A bill of lading attests that the ocean carrier has taken delivery of goods. Banks need to see a signed original of the BL before they will release funds to the seller.

Traditionally the BL process took an average of six days because paper copies had to be relayed back and forth between carrier, forwarder and exporter for review and modification. Since 1996, technology has allowed the document to be remotely printed at the customer's office, saving four or more days and enabling sellers to get paid sooner. But until now an original hard copy of the document still had to be delivered to the bank.

APL says its customers that use APL's suite of BL-related e-commerce products can now save interest expenses for working capital by gaining faster payment, and eliminating courier or overnight delivery charges. E-BL Print allows customers to review and modify documents online and print them directly at the bank, APL said.
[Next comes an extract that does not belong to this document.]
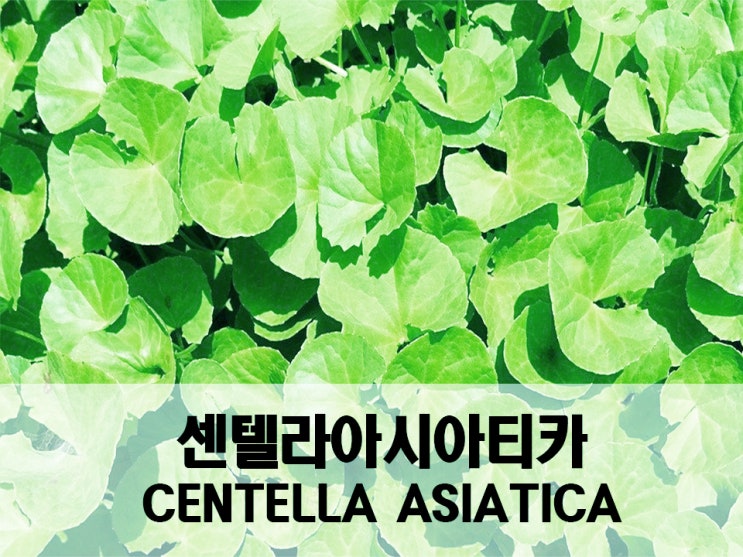 화장품 성분 - 센텔라아시아티카(Centella asiatica)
California-based Electronics For Imaging (EFI), an encryption and printing technologies provider, developed the new software for APL.

APL says its customers have already expressed interest in the new process. For example, DuPont China Ltd., the Hong Kong office of the DuPont Co., is going to upgrade to the new encrypted E-BL Print service. "This is critical to our product distribution between Asian countries," said Joseph Wong, DuPont's director of sourcing and logistics in Asia Pacific, "because the Internet technology employed by this new service can ensure expedited documentation, financial settlement and, above all, on-time product delivery  one of our commitments to customers."

Atlanta-based PM Global Foods, which ships fresh and frozen beef, poultry, pork and other foodstuffs throughout the world, has been piloting the technology. Michael Hampel, logistics manager for PM Global Foods, said: "We have seen an improvement of at least three to five days in overall document turn-around time, compared to our other ocean carriers. I have also seen a big reduction in our courier and delivery charges."

The new electronic capability is available in Asia, Europe and the Americas in the following countries: Australia, Austria, Belgium, Canada, Denmark, France, Germany, Guatemala, Hong Kong, Ireland, Italy, Japan, Korea, Malaysia, Mexico, the Netherlands, the People's Republic of China, the Philippines, Scotland, Singapore, Sweden, Switzerland, Taiwan, Thailand, the United Kingdom, and the United States.